A lot of what we do when we are performing or doing an exam relies on muscle memory. You spend months preparing, teaching your fingers to move in a certain way. Then you find that on the day you perform, you’re not actually thinking about what you’re doing. You just do it.
Figure out how good you actually are
Sitting an exam gives you a realistic idea of how good you actually are. If you haven’t spent the time making sure that you have excellent technique, it will show up in your result, regardless of how accurately or passionately you played.

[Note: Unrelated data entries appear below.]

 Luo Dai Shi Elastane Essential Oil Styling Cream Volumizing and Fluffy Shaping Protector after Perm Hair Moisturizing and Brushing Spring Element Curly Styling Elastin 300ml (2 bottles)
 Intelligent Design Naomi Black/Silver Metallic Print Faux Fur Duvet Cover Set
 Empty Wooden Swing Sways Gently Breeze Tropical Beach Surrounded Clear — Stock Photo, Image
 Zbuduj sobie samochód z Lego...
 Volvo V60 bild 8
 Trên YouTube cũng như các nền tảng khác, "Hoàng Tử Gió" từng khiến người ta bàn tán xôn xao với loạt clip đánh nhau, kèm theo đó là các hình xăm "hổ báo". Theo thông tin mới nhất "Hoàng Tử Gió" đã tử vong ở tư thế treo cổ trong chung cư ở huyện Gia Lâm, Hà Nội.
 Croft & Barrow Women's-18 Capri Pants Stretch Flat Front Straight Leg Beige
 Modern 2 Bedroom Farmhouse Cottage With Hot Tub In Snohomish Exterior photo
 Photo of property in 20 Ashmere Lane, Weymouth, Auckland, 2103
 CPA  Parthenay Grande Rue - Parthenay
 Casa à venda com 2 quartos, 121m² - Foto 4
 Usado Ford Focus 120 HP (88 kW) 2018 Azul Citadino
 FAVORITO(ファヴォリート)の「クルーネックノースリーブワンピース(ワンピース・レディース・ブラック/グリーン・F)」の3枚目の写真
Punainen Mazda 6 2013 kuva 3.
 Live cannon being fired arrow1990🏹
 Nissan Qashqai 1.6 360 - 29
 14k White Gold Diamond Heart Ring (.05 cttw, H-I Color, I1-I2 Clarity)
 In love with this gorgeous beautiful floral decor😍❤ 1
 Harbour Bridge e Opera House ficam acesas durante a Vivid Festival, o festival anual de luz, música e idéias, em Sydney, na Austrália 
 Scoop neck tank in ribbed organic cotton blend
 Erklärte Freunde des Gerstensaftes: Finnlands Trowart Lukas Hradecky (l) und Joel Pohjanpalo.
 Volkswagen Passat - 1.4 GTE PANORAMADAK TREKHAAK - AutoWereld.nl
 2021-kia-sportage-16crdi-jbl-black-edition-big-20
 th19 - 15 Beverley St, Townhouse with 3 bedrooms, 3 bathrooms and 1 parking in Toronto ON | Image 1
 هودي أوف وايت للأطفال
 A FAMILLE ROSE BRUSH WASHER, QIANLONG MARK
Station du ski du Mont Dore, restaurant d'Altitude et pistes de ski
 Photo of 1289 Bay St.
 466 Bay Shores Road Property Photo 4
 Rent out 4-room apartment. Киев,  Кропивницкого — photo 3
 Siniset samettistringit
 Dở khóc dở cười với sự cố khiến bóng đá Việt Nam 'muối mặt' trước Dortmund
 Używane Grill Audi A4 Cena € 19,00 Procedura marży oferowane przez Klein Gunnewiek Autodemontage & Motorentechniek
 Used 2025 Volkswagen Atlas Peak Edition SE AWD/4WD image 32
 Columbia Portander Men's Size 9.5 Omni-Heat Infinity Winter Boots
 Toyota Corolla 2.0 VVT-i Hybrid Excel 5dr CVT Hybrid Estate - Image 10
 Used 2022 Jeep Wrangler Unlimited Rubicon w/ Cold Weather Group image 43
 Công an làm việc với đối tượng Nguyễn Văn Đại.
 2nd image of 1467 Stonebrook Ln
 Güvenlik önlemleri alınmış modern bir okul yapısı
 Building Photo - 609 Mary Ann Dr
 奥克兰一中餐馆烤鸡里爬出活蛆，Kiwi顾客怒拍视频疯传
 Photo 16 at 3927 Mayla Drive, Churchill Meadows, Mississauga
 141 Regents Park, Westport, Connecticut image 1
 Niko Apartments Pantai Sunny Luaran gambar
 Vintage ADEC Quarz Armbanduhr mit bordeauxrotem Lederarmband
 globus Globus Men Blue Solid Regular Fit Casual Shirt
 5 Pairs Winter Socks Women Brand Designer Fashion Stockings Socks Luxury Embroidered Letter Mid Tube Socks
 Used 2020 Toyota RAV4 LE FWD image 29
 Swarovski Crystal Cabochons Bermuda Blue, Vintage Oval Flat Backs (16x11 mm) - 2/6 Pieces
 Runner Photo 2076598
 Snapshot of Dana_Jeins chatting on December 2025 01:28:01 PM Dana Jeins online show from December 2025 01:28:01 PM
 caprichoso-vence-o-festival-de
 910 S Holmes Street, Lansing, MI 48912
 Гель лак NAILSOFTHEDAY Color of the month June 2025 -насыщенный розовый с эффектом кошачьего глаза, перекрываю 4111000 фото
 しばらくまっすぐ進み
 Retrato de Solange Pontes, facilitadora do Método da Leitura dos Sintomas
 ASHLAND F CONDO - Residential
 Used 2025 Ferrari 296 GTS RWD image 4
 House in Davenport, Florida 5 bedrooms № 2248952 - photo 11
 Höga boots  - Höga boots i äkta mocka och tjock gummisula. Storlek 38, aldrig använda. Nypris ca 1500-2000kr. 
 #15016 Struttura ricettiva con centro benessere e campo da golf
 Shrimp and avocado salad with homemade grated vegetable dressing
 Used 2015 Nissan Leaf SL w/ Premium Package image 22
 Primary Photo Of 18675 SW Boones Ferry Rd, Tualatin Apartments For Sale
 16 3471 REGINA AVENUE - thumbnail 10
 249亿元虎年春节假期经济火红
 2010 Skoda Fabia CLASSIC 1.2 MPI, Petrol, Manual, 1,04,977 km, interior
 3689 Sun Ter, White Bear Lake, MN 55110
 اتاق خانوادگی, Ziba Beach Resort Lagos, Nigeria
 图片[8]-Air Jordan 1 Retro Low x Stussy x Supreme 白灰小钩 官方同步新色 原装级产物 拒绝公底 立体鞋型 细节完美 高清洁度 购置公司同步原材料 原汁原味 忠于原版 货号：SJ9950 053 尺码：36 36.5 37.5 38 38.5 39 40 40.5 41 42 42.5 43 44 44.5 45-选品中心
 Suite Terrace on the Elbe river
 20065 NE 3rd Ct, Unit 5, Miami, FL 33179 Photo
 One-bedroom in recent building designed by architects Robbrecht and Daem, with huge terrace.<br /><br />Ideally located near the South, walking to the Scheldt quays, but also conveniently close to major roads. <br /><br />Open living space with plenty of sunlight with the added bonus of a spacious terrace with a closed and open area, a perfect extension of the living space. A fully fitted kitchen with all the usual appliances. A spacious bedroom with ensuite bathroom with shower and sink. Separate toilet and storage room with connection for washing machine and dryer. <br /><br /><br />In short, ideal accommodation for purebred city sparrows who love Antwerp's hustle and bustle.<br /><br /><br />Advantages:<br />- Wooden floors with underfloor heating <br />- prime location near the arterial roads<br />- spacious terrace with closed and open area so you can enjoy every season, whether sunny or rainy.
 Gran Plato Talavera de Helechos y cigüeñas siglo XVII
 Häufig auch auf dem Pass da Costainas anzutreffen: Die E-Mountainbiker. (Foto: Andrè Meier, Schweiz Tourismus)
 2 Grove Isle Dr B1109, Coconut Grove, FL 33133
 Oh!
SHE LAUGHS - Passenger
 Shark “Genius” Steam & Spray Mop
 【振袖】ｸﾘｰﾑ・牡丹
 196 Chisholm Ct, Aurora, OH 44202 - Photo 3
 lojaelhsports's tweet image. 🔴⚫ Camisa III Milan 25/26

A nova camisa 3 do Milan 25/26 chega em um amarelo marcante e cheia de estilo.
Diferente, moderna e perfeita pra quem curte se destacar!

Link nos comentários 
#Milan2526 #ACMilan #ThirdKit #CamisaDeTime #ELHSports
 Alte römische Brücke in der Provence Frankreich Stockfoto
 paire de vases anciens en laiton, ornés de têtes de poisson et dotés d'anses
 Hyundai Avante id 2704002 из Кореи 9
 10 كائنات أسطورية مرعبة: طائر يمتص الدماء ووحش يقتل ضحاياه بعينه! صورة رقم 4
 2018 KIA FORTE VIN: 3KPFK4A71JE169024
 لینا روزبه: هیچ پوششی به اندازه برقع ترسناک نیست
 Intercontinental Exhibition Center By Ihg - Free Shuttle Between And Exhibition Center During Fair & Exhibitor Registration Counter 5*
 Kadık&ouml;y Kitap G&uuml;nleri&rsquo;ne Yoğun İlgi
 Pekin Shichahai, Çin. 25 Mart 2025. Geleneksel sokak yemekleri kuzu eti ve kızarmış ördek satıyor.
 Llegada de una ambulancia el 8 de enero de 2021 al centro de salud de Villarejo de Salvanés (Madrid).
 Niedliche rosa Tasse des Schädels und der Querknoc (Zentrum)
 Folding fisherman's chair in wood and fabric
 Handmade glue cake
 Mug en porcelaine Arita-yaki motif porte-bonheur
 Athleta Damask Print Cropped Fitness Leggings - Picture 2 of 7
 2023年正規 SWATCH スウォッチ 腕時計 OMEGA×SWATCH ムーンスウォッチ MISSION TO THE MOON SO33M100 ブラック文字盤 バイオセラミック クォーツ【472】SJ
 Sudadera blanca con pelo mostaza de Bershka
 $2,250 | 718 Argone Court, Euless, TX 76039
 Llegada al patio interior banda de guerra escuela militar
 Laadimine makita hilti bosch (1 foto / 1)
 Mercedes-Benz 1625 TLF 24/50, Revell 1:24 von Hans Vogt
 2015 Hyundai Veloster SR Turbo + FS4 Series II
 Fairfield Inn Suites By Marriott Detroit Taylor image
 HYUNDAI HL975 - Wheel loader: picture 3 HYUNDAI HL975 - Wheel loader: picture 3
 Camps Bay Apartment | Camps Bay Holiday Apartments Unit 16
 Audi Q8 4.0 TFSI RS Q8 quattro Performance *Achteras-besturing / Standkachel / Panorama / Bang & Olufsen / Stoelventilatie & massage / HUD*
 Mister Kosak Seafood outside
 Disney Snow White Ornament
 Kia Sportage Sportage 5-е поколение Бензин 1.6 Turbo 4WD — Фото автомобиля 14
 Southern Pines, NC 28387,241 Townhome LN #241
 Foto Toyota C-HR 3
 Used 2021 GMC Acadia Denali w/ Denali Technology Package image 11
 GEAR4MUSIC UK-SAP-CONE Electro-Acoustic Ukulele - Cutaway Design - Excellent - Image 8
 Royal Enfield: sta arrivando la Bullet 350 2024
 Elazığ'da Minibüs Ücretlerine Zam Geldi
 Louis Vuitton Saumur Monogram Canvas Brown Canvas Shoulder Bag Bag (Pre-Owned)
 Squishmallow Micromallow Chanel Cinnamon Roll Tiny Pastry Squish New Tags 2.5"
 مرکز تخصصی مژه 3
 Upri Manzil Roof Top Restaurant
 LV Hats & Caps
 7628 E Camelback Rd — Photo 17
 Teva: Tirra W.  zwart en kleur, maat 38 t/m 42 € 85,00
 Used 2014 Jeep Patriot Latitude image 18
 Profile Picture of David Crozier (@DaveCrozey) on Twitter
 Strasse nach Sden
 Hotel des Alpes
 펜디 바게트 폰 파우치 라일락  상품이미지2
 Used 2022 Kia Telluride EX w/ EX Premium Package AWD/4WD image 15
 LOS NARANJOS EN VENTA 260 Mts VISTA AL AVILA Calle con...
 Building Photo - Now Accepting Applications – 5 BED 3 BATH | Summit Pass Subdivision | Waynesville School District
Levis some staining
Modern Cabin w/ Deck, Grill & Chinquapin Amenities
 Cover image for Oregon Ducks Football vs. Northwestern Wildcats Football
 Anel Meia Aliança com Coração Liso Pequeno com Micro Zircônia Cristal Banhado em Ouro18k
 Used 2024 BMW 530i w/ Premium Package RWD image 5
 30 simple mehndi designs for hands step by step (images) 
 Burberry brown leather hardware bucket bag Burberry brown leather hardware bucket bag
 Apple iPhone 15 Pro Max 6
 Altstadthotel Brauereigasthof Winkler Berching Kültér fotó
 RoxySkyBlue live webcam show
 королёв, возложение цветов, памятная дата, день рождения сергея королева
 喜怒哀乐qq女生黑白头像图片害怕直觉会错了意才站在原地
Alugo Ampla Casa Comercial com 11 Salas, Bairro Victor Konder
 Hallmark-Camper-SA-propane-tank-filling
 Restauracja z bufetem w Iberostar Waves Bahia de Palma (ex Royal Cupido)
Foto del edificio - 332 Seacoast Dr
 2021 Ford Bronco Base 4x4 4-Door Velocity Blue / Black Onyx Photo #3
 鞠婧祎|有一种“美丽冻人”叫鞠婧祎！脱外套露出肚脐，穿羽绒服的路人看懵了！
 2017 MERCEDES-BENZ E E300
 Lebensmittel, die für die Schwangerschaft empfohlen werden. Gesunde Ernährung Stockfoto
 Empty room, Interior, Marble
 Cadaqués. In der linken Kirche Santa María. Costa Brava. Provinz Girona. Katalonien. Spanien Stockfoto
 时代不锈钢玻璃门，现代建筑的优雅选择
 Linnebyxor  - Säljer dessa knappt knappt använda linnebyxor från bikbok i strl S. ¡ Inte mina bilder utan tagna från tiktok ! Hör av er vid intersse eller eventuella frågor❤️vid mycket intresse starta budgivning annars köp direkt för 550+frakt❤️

Develop good practice habits
Practice for your exam is important, however some people spend all their time working on their exam material and forget to actually apply the skills they are learning in the real world. An exam gives you a summary of your skills in a certain area, but you still have to get out there and apply them in a range of contexts. Are you enjoying learning the John Mayer style piece Rollin’ from the Rockschool Grade 5 guitar book? Then jump on Ultimate Guitar and look up some of his other pieces. Then grab some friends and play them as band! Music should be fun. Practicing the tricky stuff and doing exams can be hard work, but you are really just setting yourself up to have more fun with your new-found skills later.
Achieve excellence on your instrument
You get a sense of achievement from doing an exam that you don’t really get anywhere else doing music. You’re able to say, ‘I achieved this level of excellence on my instrument.’ And if someone ever wants to know how good you are, you can let them know with a sense of pride that, ‘I got distinction in Grade 8’.
Internationally recognised qualification
Many exams like the Rockschool syllabus are internationally recognised and are conducted all over the world. They are carefully created by a team of professionals, so you can feel confident that, once you have completed your Grade 8 exam, you are playing at a Grade 8 level.
Develop a thorough range of skills
Being an awesome musician involves being good at a whole range of skills relating to music and your instrument. When you practice for an exam, you can’t afford to just practice your favourite thing, or the stuff you already know. Preparing for your exam will make you practice effectively, and make you practice the whole range of skills you need to be an excellent musician.
Grade 8 is just the beginning
I had a rather humbling realisation after I completed my Grade 8 guitar exam. I realised I still didn’t know very much. There was so much more to learn. When you’re in the middle of working through the grades, it seems like grade 8 is the light at the end of the tunnel. You tell yourself that when you complete Grade 8, you’ll be a pro player. And to an extent it’s true; you’ll definitely be a very good player, but you’ll also suddenly realise that you have a long long way to go. The best musicians understand that you can never stop learning. You’ve never really mastered your instrument, which is exciting! There are always new things to discover every time you sit down to play.
Music exams as a metaphor
Check out this song called ‘Grade 8’ by Ed Sheeran. He uses the idea of a music exam as a metaphor for love, with the lyrics in the chorus singing, ‘You’re strumming on my heartstrings like you were a Grade 8.’ Grade 8 is the highest grade you can achieve on most instruments, and you have to be very good to do that. Ed Sheeran’s song is describing someone who is very good at love by comparing them to a musician who is good enough to have done Grade 8. As a musician who has done a Grade 8 guitar exam, I enjoyed hearing it appear in a song like that.
Should you sit an exam? Definitely! Should you sit every single one? Probably not. When I was learning guitar, I only sat the Grade 5 and Grade 8 exams. I wanted to do the Grade 8 exam and thought it would be a good idea to do Grade 5 as a sort of a trial run, to see how it worked, and help me better prepare for sitting Grade 8. Doing guitar exams gave me confidence as a musician, and I then went on to study guitar at university. Since then I have had the privilege to teach using the Rockschool exam syllabus and prepare my students to achieve excellence as a musician by doing their own exams.